Description of the task: Starting at the first line and ending at the one with "Seamless pattern with", give the lines of the listing again exactly, and nothing else; skip the pictures.

Given information:
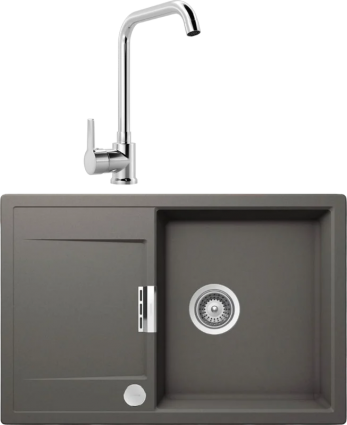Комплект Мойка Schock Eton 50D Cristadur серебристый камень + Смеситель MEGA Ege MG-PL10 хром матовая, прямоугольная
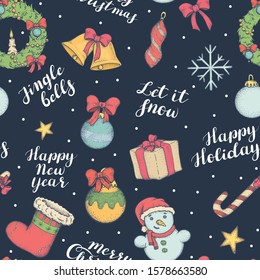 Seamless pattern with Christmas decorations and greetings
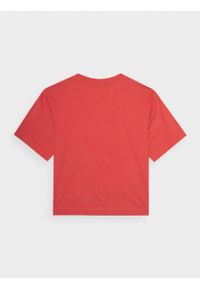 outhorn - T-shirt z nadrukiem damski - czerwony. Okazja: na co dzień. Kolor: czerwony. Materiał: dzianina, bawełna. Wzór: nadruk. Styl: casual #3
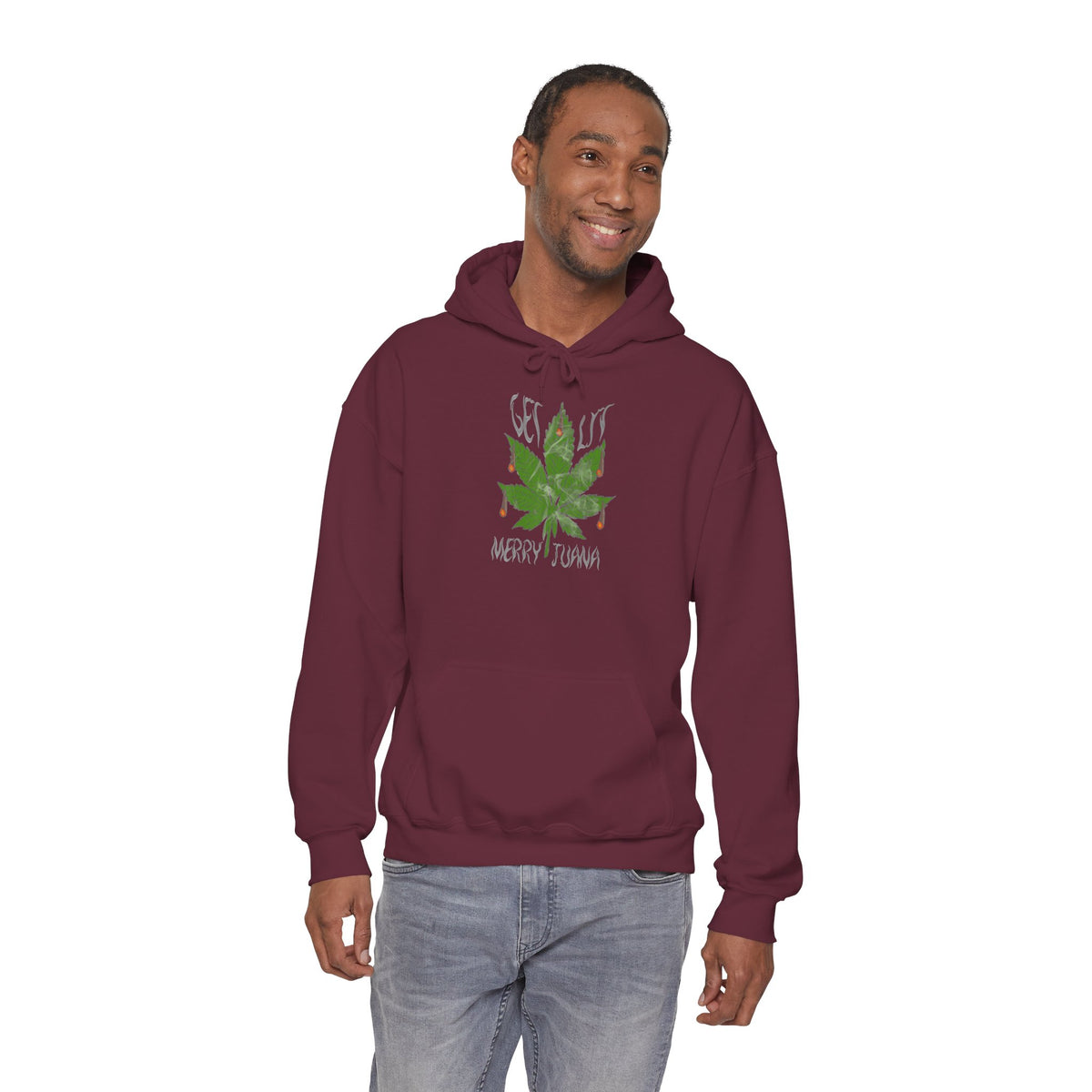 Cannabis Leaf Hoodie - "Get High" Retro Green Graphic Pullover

Solved exercise:
Комплект Мойка Schock Eton 50D Cristadur серебристый камень + Смеситель MEGA Ege MG-PL10 хром матовая, прямоугольная
 Seamless pattern with Christmas decorations and greetings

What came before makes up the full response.